By Stephen Huddart and Erica Barbosa Vargas
In the coming weeks, the Foundation is rolling out several new resources on Solutions Finance: a series of policy papers and related case studies, illustrating some of what we’ve learned over the last decade from our successes—and failures—in deploying capital for systems change. The first policy paper is available today. We hope these resources will be useful to a growing community interested in financial innovation for positive social and environmental impact.
Until recently, we did not talk about Solutions Finance. The new term requires a bit of unpacking.
Social Finance refers to financial instruments that generate social and environmental impact alongside financial returns. It is a term widely recognized in the field and the umbrella term we have been using to describe the Foundation’s market-building and impact investing activities. However, as our experience and practice expand, we see that the promise of this work goes beyond investments with blended returns.
Successful systems innovation requires adequate resourcing, and calls for different forms of capital allocation across the multiple stages of design and implementation. To make this happen in the context of our work, we’re advocating for — and adopting as our own practice — an integrated approach to deploying financial capital and adapting financial models to catalyze, sustain and scale systems transformation. In other words, Solutions Finance. This approach includes, but is more than, continuing to grow an investment portfolio with the expectation of a financial return as well as a positive social or environmental impact.
At one level, Solutions Finance is about attracting private capital to the community sector and helping social enterprises to increase their positive social and environmental impact. At another, it is about capital markets evolving to include stronger standards of sustainability and demonstrating greater concern for societal impacts—responsible investing. It is also about enabling new forms of investor partnerships between allies, like foundations and development banks, or foundations and government, and working to change policy to stimulate financial innovation. For the Foundation, it is also about integrating our financial strategies, grants and investments and leveraging them to have greater impact in priority domains.
Solutions Finance also recognizes the roles different types of capital play in the process of changing systems. This includes the whole spectrum from grants, impact investments and even investments that are not intentionally impact-focused. Solutions Finance is also about investing in financial innovation, and identifying or adapting financial models to involve stakeholders who would otherwise remain at the margins or work in isolation. It often involves new forms of collaboration, e.g. between governments, commercial investors and philanthropy, and leveraging resources for larger systemic impact, while ensuring community ownership and empowerment of different stakeholders along the way.

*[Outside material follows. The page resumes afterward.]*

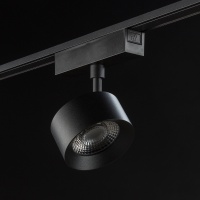 SWG PRO Светильник трековый SLIM, 48В 10W черный 2700-6000К, SL-SLIM-FTSBL-10-CCT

Our work with the Aboriginal Savings Corporation of Canada (ABSCAN) is one example among many of Solutions Finance at work:
Sixty percent of homes on reserves in Canada need repairs, and over the next ten years there’s a projected housing deficit of 80,000 units. Since land on reserves is owned by the Crown, and cannot be used as security for a loan, conventional banks and credit unions are reluctant to get involved. However, in the Huron community of Wendake near Quebec City, a new model emerged.
A revolving loan fund operated by ABSCAN makes it possible for residents to build and own their own houses, and to rent, buy or sell them. There have been over 400 participants in this program in the last 10 years, and the annual loss rate has never exceeded 2%. There are good jobs available for carpenters, plumbers and electricians, and the community has established a school to train young men and women to fill them. McConnell is currently involved in a partnership with ABSCAN and the federal ministry of Indigenous and Northern Affairs Canada (INAC) to disseminate the Wendake model to four communities across Quebec.

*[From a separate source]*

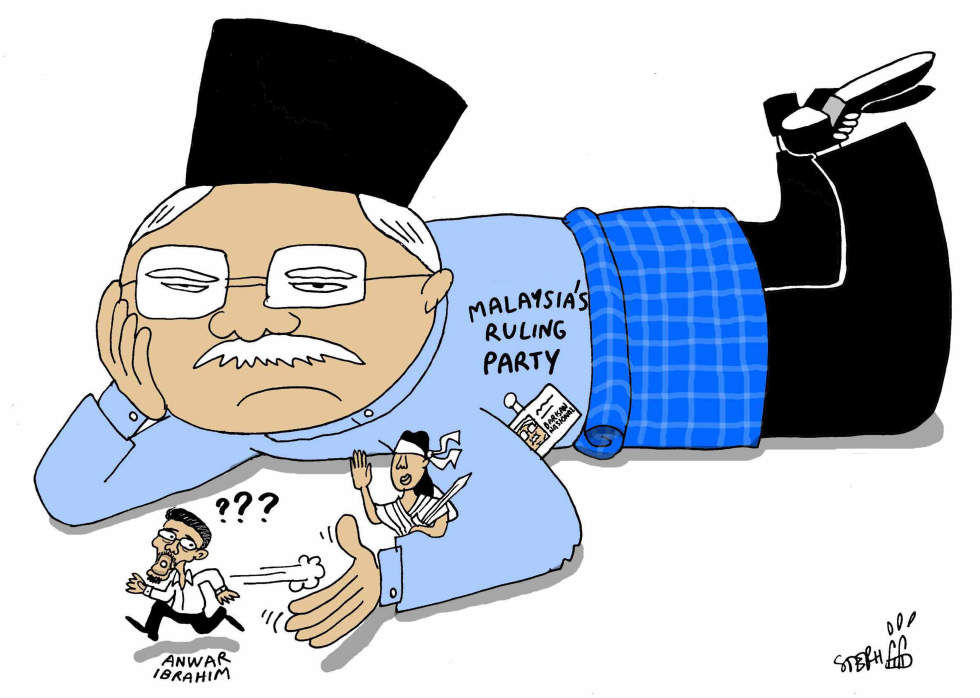 Anwar Ibrahim acquitted of sodomy charges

During the pilot expansion phase, the capital provided by government and the Foundation consisted of a grant for community readiness as well as an investment into a fund to make loans for housing. The investment was structured in such a way that it enabled ABSCAN to secure a larger sum of capital with a commercial financial institution. Having established a track record and market readiness, we hope that scaling out this model and building the 80,000 units needed across Canada can happen through increasing the number of actors involved—from government, to other impact investors, and representatives and of mainstream capital markets.
In this first paper, “Beyond Impact Investing, Towards Solutions Finance” you can learn more about our evolving practice. We welcome your questions or comments. We think Solutions Finance holds promise for addressing deeply entrenched social and environmental problems, and hope through this series to provoke lively conversations and useful learning here and abroad.